Ma è il mondo più intimo del berlusconismo, quel partito senza regole, senza autonomia e senza libertà che sta scoppiando per il soffocamento di un carisma autoritario che non ammette il confronto e i distinguo, nell’atrofia vagamente idolatra della riduzione del maggior partito italiano al destino di uno solo, nel vuoto della mancanza di ogni dibattito interno, con gli ex colonnelli ridotti a caporali nei signorsì delle comparsate di una televisione militarizzata. Perché non basta più nemmeno l’eccesso, l’accumulo, l’abuso, la forzatura continua se manca la politica: per fortuna della democrazia, che di politica ha bisogno.
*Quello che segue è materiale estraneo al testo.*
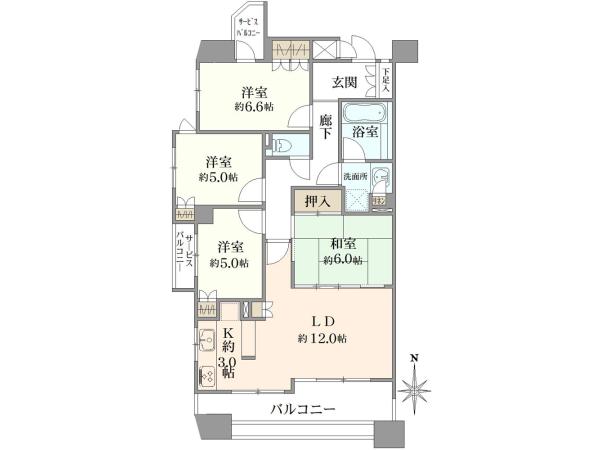グランプレイス庄内通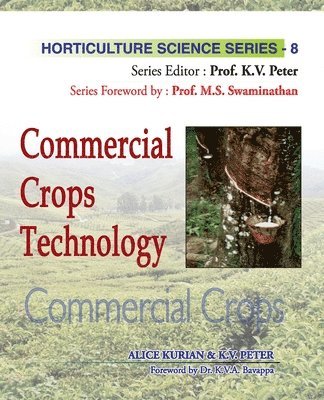 bokomslag Commercial Crops Technology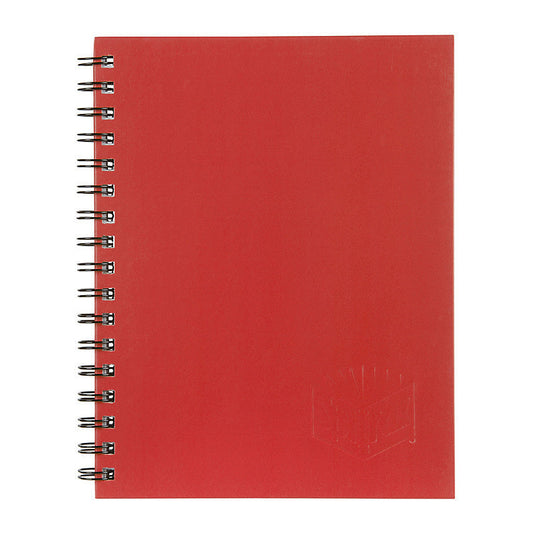 Spirax 511 Hard Cover Red Pk5 Spirax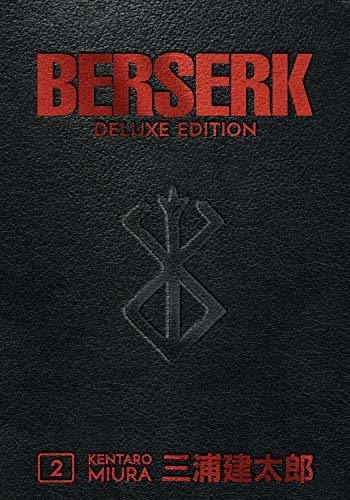 Book : Berserk Deluxe Volume 2 - Miura, Kentaro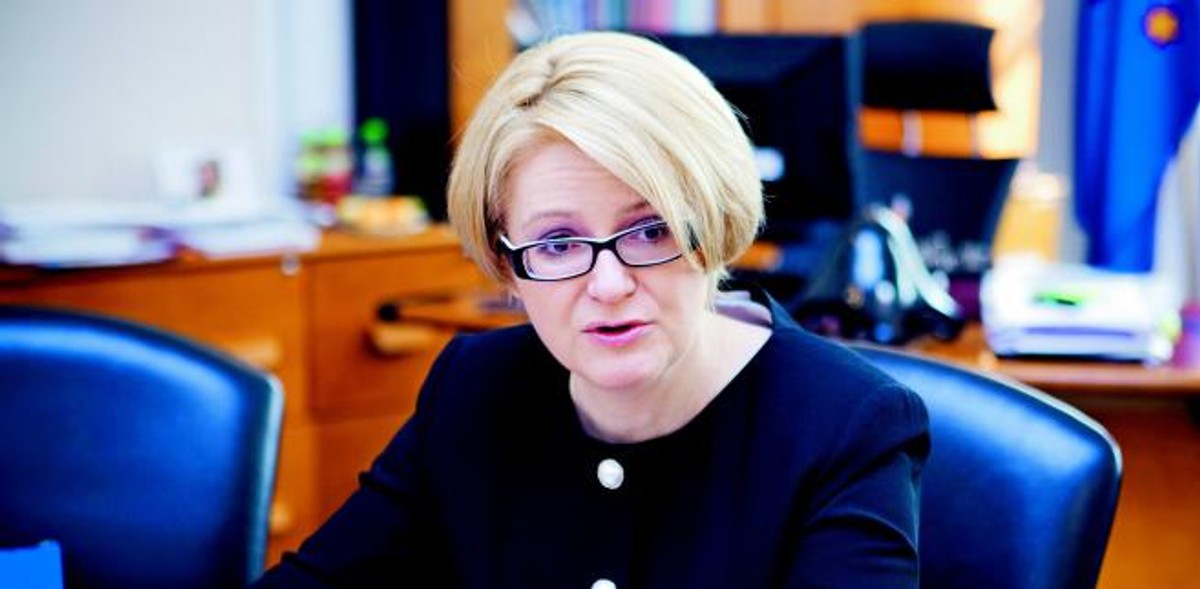 Agnieszka Kozłowska-Rajewicz, sekretarz stanu, pełnomocnik rządu ds. równego traktowania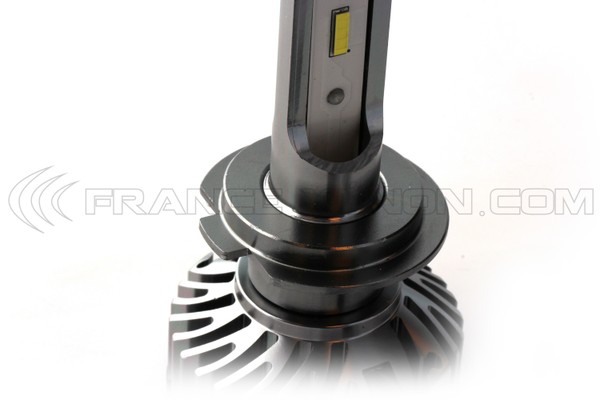Kit AMPOULES H7 LED Ventilées FF2 - 5000Lms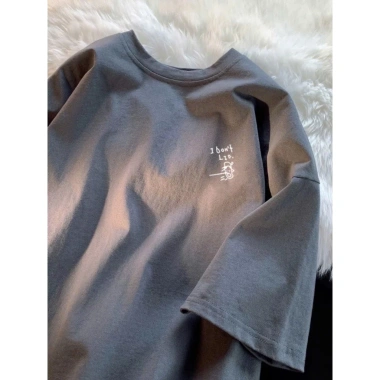Áo thun nam nữ form rộng unisex in hoạt hình Bông 260gsm - Local Brand RTOML, chỉ 69k 6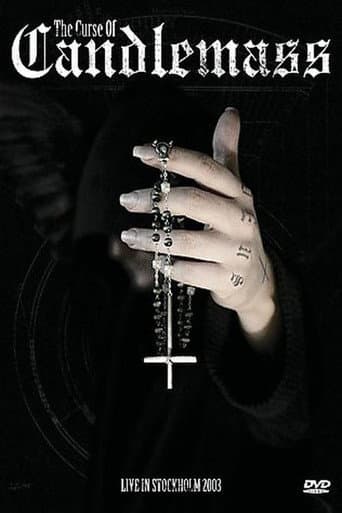 The Curse Of Candlemass - Live in Stockholm 2003 poster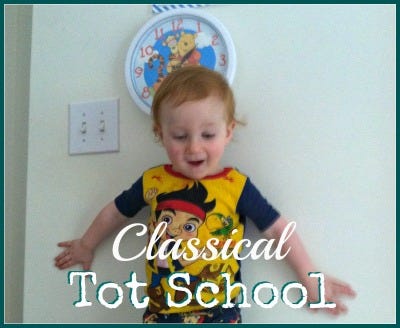 classical tot school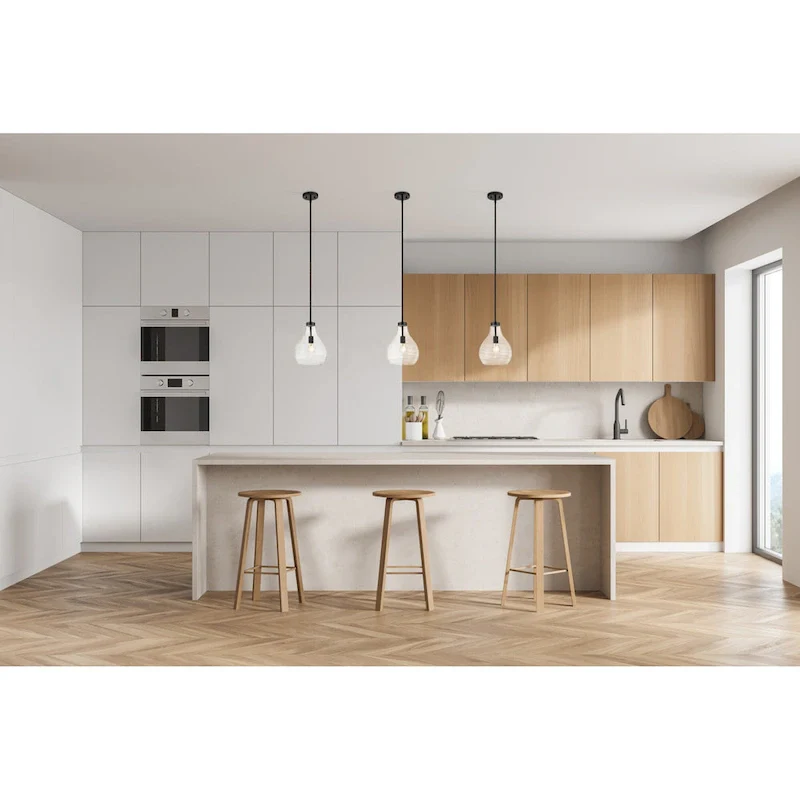 Z-Lite 496P10 Bon Air 10  Wide Pendant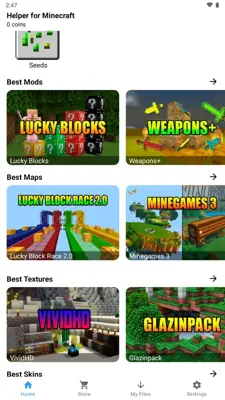 Helper Master for Minecraft PE android App screenshot 7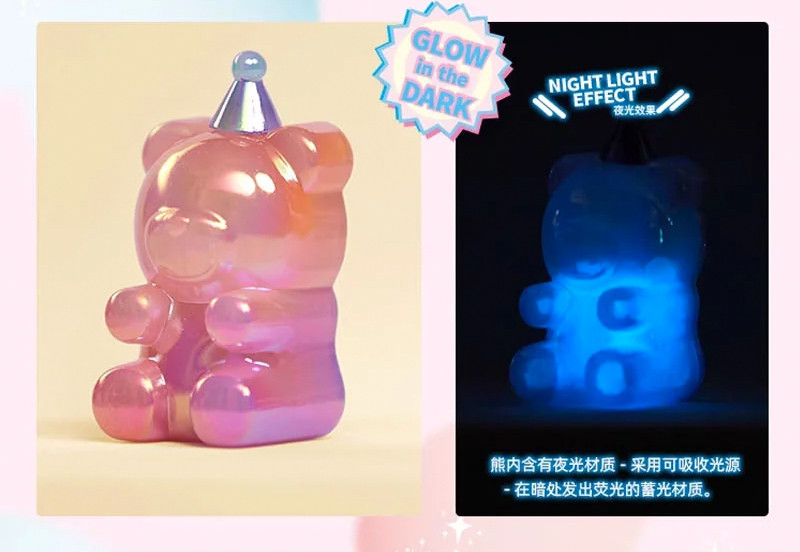 Choco Teddy Night Light Effect Blind Box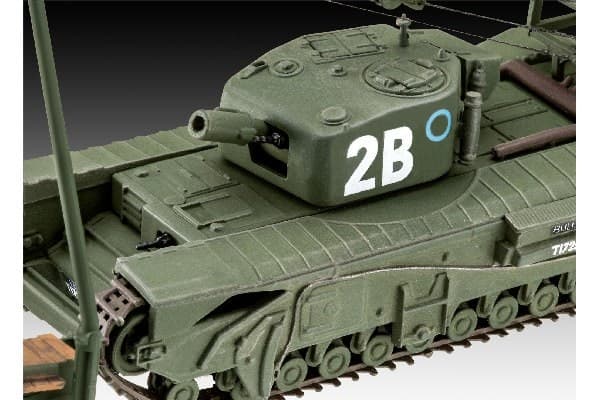 Revell Churchill A.V.R.E. 1:76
La politica ha riportato il Pd al Nord, dalle cui mappe era stato troppo velocemente cancellato: oggi pesa quanto il Pdl a Milano, ha riconfermato con Fassino il suo primato a Torino, ha rieletto il sindaco a Bologna, porta la destra al ballottaggio a Trieste. Mentre a Napoli è surclassato da De Magistris, dopo un percorso di guerra incomprensibile a chiunque e suicida per tutti nelle primarie. La politica di Bersani, che vuole prima di tutto superare non il berlusconismo ma le sue anomalie, sta incominciando a pagare. A costo zero, con solo l’impiego di un po’ di generosità e di preveggenza, un Pd saggio oggi completerebbe l’opera nominando Sergio Chiamparino (autore di un piccolo miracolo torinese) coordinatore delle politiche per il Nord, utilizzando al meglio un’esperienza importante e riconosciuta. Sarebbe un interlocutore sul campo – d’intesa col leader del partito – per i leghisti in libera uscita e i moderati in cerca d’autore: che oggi trovano nel Terzo Polo una forza autonoma dal berlusconismo, e in grado di reggere al gioco al massacro scatenato contro Fini.
Soprattutto l’Italia incomincia a prendere atto che forse sta tramontando l’età del populismo, con il carisma che soffia là dove il leader vuole, inventando partiti e disfacendoli su un predellino. Torna la politica, e non eravamo più abituati. E con la politica, torna il diritto di pensare che il cambiamento è possibile, perché l’Italia non è di Berlusconi.